Acrescentando a esses PDL apresentados na Câmara, assistimos às desfiliações da SABESP, COPASA e CORSAN da Associação Brasileira das Empresas Estaduais de Saneamento (Aesbe) e suas filiações na associação do setor privado. É de se lamentar que falte a alguns agentes públicos a compreensão do tema. Esse movimento de desfiliação nada mais é do que um papelão dos seus governadores, que são bolsonaristas ferrenhos, como Tarcísio de Freitas, por São Paulo, e Romeu Zema, por Minas Gerais.
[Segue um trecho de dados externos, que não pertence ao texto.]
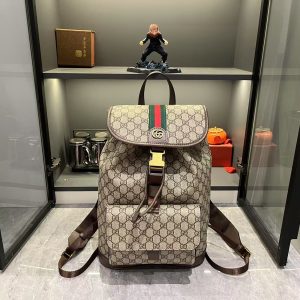 Batch 380...G G Ophidia Collection masterfully blends beige and dark brown hues, pairing classic silhouettes with innovative functionality in exceptionally soft-touch fabrics. This backpack features GG monogrammed coated fabric, meticulously embellished with double G logos and woven strap details.Beige and dark brown GG interlocking pattern coated fabric Dark brown leather trim Gold-tone hardware Dark green linen-cotton blend lining Model: 839109 Dimensions: 28 x 40 x 12 cm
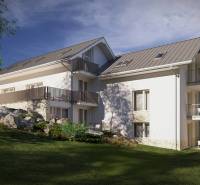 Exterior of a building in the High Tatras, surrounded by greenery and rocky terrain.
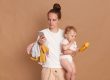Young holding toddler daughter and using mobile phone to find parental resource apps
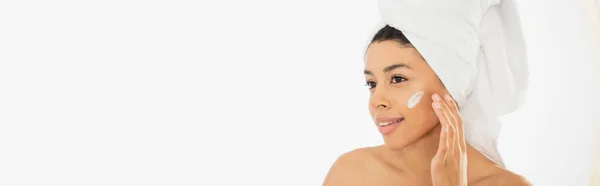 Улыбающаяся молодая африканская американка наносит крем на лицо на белом фоне, баннер — стоковое фото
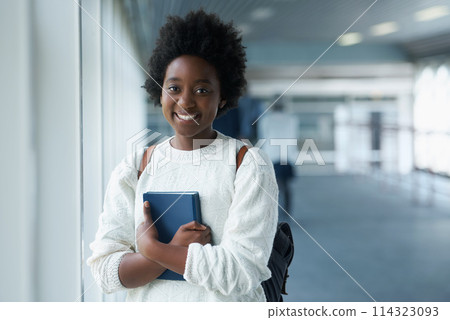 African girl, portrait and hallway of college with smile from happiness of education in academy. Student, learning and notebook on hand with information for class in school campus and scholarship African girl, portrait and hallway of college with smile from happiness of education in academy. Student, learning and notebook on hand with information for class in school campus and scholarship 114323093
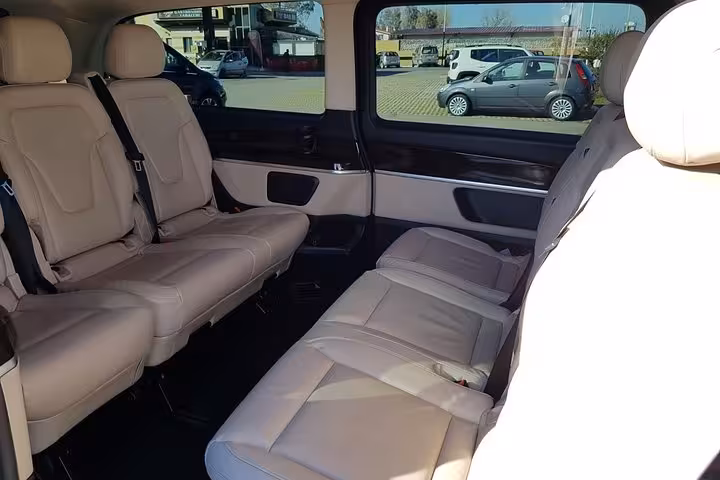 Luxury minivan interior with leather seats for private Rome to Fiumicino Airport transfer service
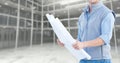 Mid section of construction engineer holding a plan Royalty Free Stock Photo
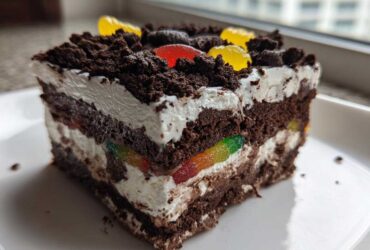A layered slice of amazing dirt cake featuring chocolate cake, cream, and colorful gummy worms peeking out.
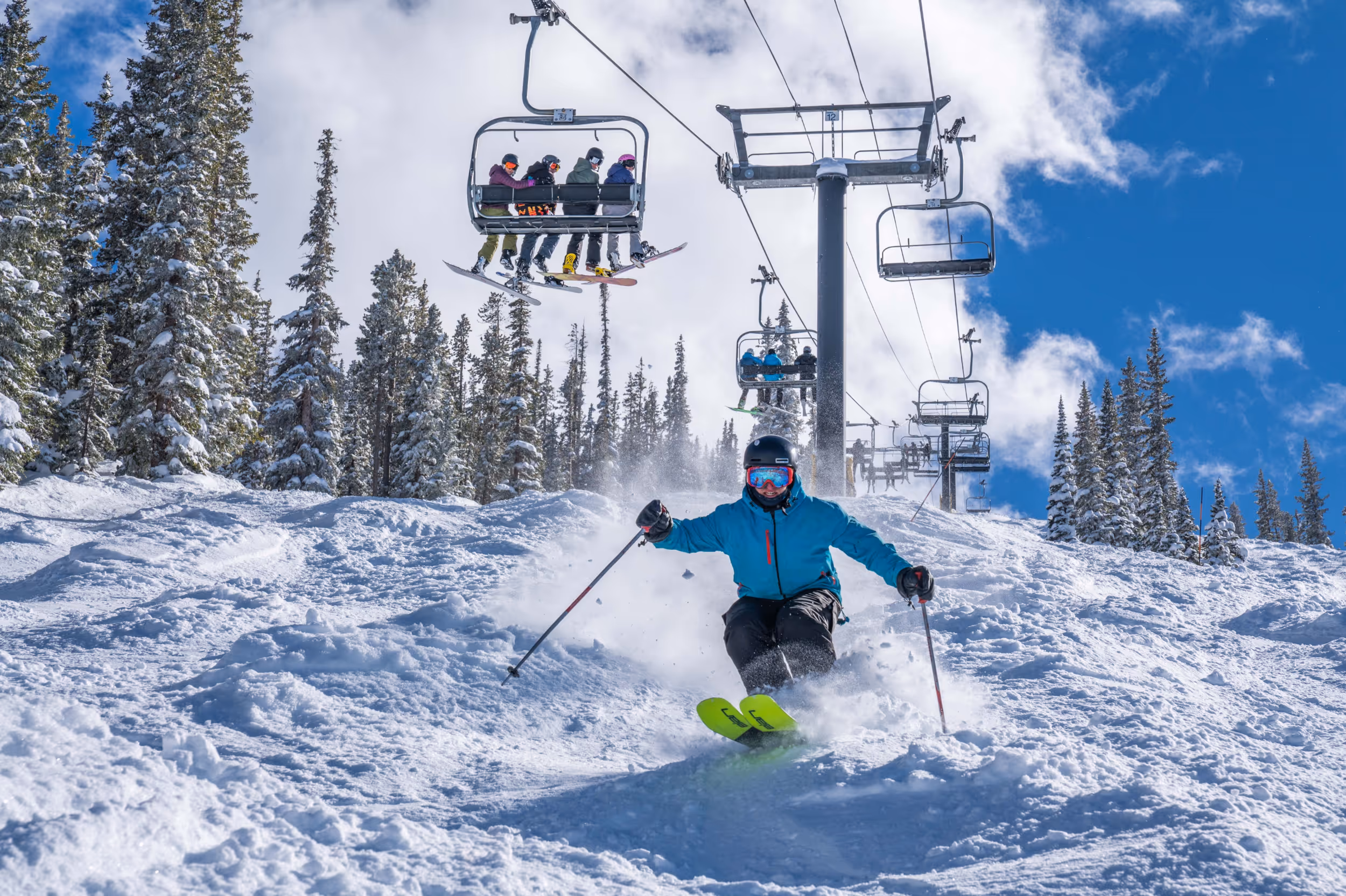 A skier crushing the moguls below a chairlift at Winter Park 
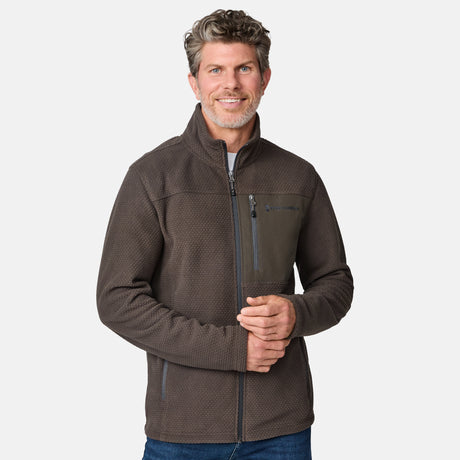 [Kolby is 6'2" wearing size M.] Men’s Free Country brown textured full-zip jacket with high collar and zippered chest pocket in contrast fabric—featuring a streamlined silhouette for cool-weather utility. Paired with blue jeans for a classic, casual outdoor look.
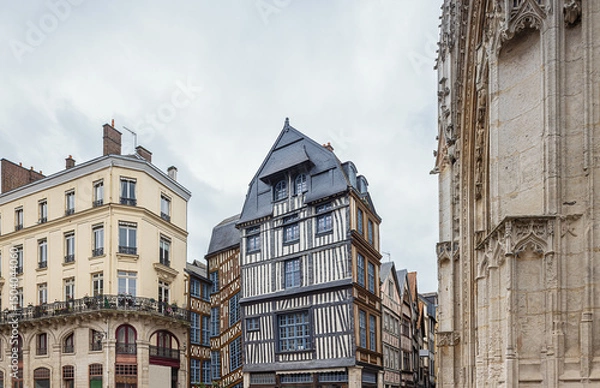 Fototapeta Half timbered houses at the Place Barthelemy in Rouen around the Saint Maclou church in the historic part of the city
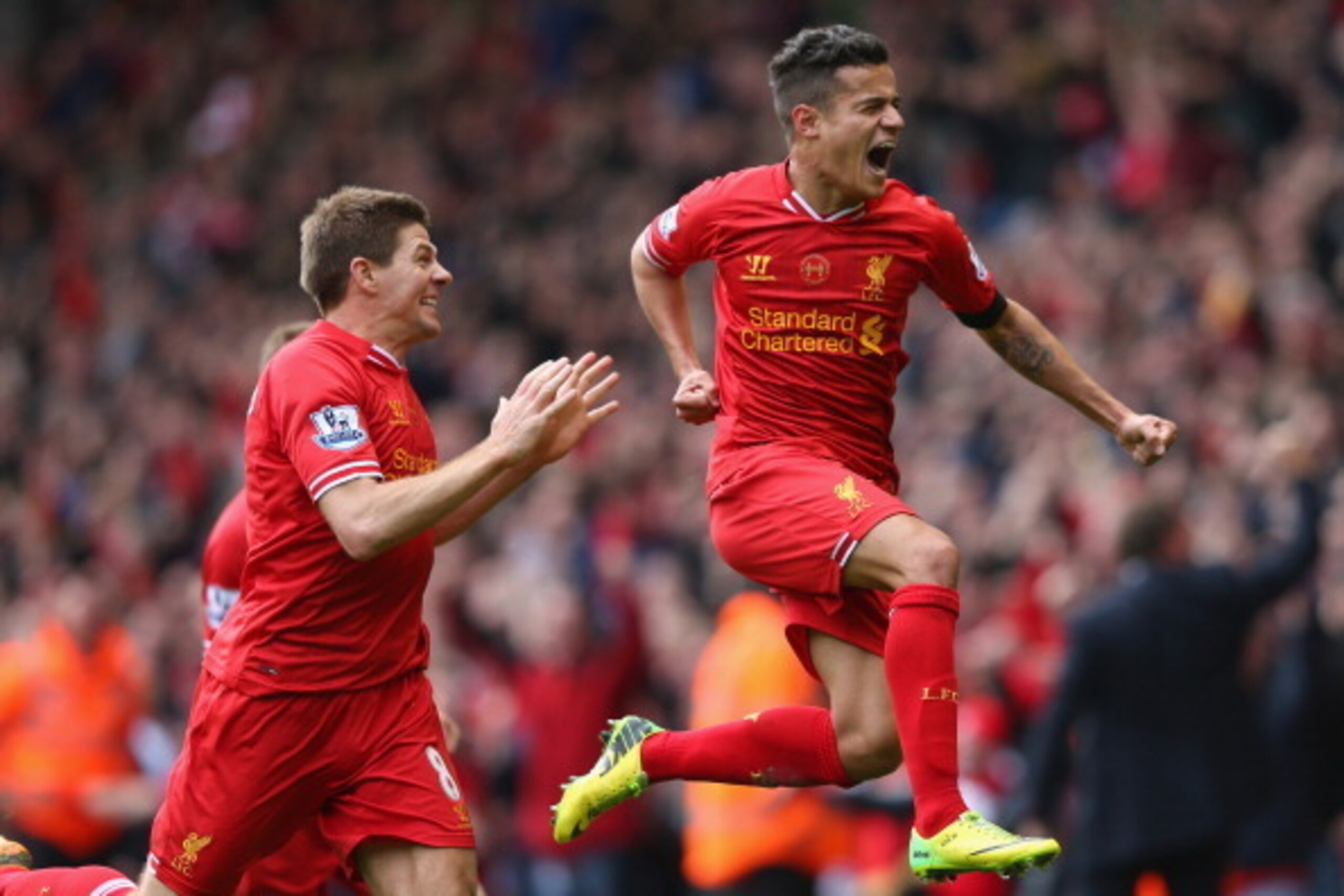 LIVERPOOL, ENGLAND - APRIL 13:  Philippe Coutinho of Liverpool celebrates scoring his team's third goal during the Barclays Premier League match between Liverpool and Manchester City at Anfield on April 13, 2014 in Liverpool, England.  (Photo by Alex Live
Além disso, a posição do governador do Rio Grande do Sul, Eduardo Leite, filiado ao PSDB, mesmo partido da governadora de Pernambuco, nos deixa apreensivos acerca da real intenção sobre do Governo de Estado com a COMPESA. Esses três estados possuem representantes máximos do entreguismo da direita e essas iniciativas de desfiliações buscam, somente, atender aos interesses do setor privado. São esses exemplos negativos que estimulam políticos de direita de Pernambuco a defenderem a privatização da COMPESA.
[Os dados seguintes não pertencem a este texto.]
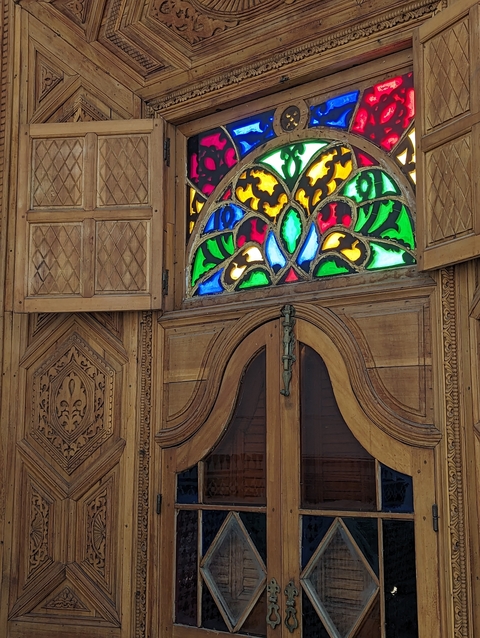       Colorful stained glass window and wooden door detail.
  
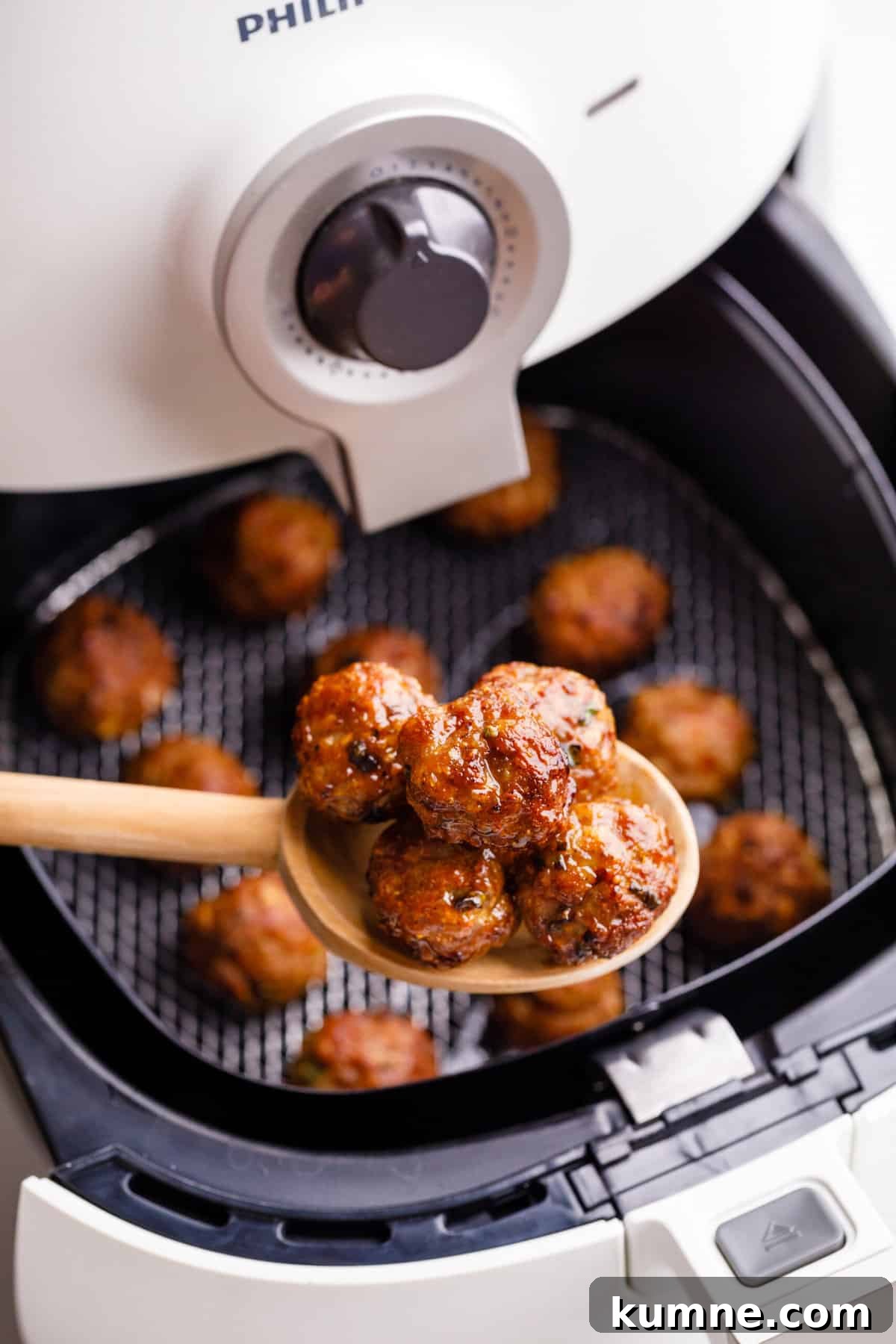 Cooking on Busy Weeknights Meatballs being cooked in an air fryer.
Sobre a COMPESA, os privatistas precisam saber que, somente em 2022, a Companhia Pernambucana de Saneamento investiu R$ 1,02 bilhão em ações de implantação, expansão e melhoria da infraestrutura dos sistemas de água e de esgoto, além de ações de fortalecimento institucional, um crescimento de 15% em comparação ao ano anterior, segundo o relatório integrado de administração e sustentabilidade da companhia de 2023. Caso a gestão caia nas mãos do setor privado, a companhia entrará em uma nova rota de priorização, que é habitualmente a busca por lucro pelos seus donos privados e nessa lógica de mercado, deverá priorizar as localidades que exigem menores investimentos e permitam uma operação mais lucrativa. No mercado sem concorrência, monopolizado e de fornecimento de serviço essencial para a sobrevivência humana, é provável que o controle social sobre a prestação desses serviços deixará de existir, como ocorre no setor de energia elétrica e telecomunicações, sendo a população obrigada a pagar contas altíssimas, a exemplo do que acontece com a CELPE, que aumentou em cerca de 47% a mais a sua tarifa em relação à COMPESA, em análise feita entre os anos de 2010 e 2020.
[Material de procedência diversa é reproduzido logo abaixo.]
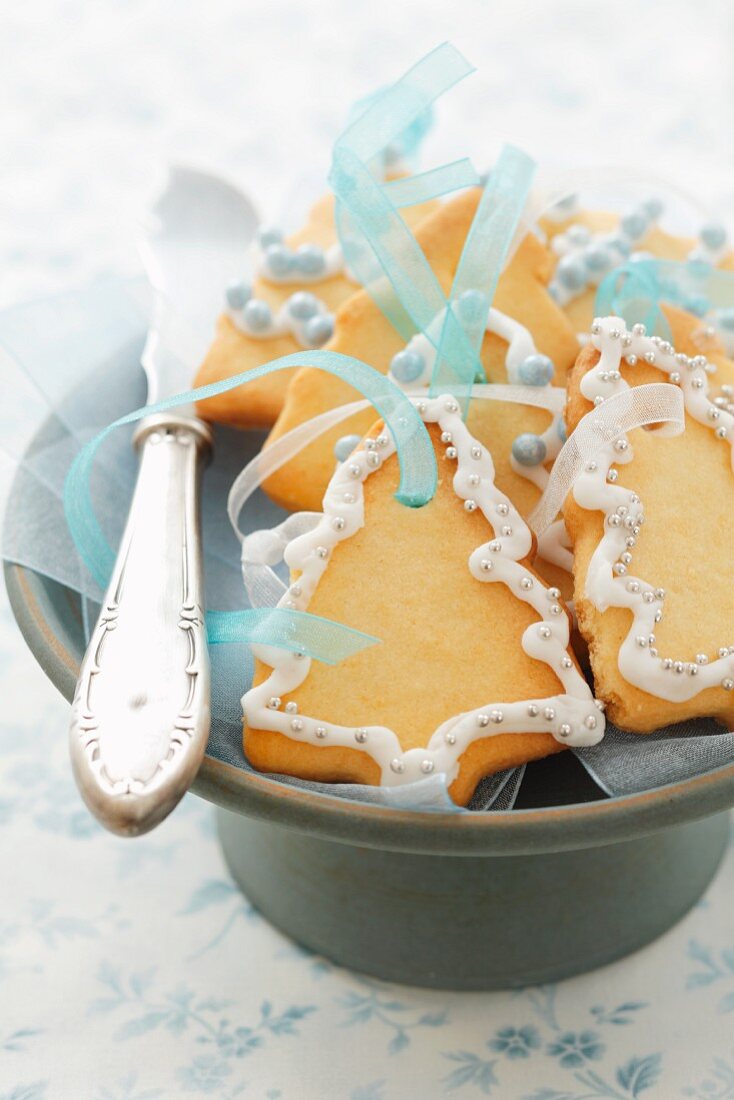 Christmas tree biscuits with ribbons for hanging up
É muito pouco provável que quem defende a COMPESA privada saiba do estudo das Nações Unidas que aponta 180 casos de reestatização do fornecimento de água e esgotamento sanitário em 35 países, em cidades como Paris (França), Berlim (Alemanha), Buenos Aires (Argentina), Budapeste (Hungria), La Paz (Bolívia) e Maputo (Moçambique), entre 1999 e 2014. Desse total, houve 136 casos em países de alta renda e 44 casos em países de baixa e média renda. Aqui no Brasil, Tocantins e Manaus são exemplos de gestão privada que fracassaram. Esses locais possuem os maiores valores de tarifas e os piores indicadores de cobertura de serviços de água e esgoto no Brasil, segundo relatório do Governo Federal emitido em 2020.
Após a publicação dos dois decretos 11.466 e 11.467, surge um novo momento no setor de saneamento no Brasil. É hora de avançar sem picuinhas ou subserviência ao setor privado. É hora de avançar na defesa da universalização do acesso à água e esgotamento sanitário, da redução do nível de rodízio e da melhoria na qualidade da água. É hora de avançar na busca de soluções de engenharia para a execução de obras estruturadoras que permitam a garantia da dignidade humana, especialmente das pessoas que mais precisam. É hora de avançar na defesa da COMPESA pública e eficiente, como instrumento de transformação social.
* Ermes Costa é engenheiro de carreira da COMPESA desde 2008, onde atuou, dentre outras funções, como Diretor de Desenvolvimento e Sustentabilidade. É também professor da UPE e atualmente ocupa o cargo de secretário de Habitação do Recife.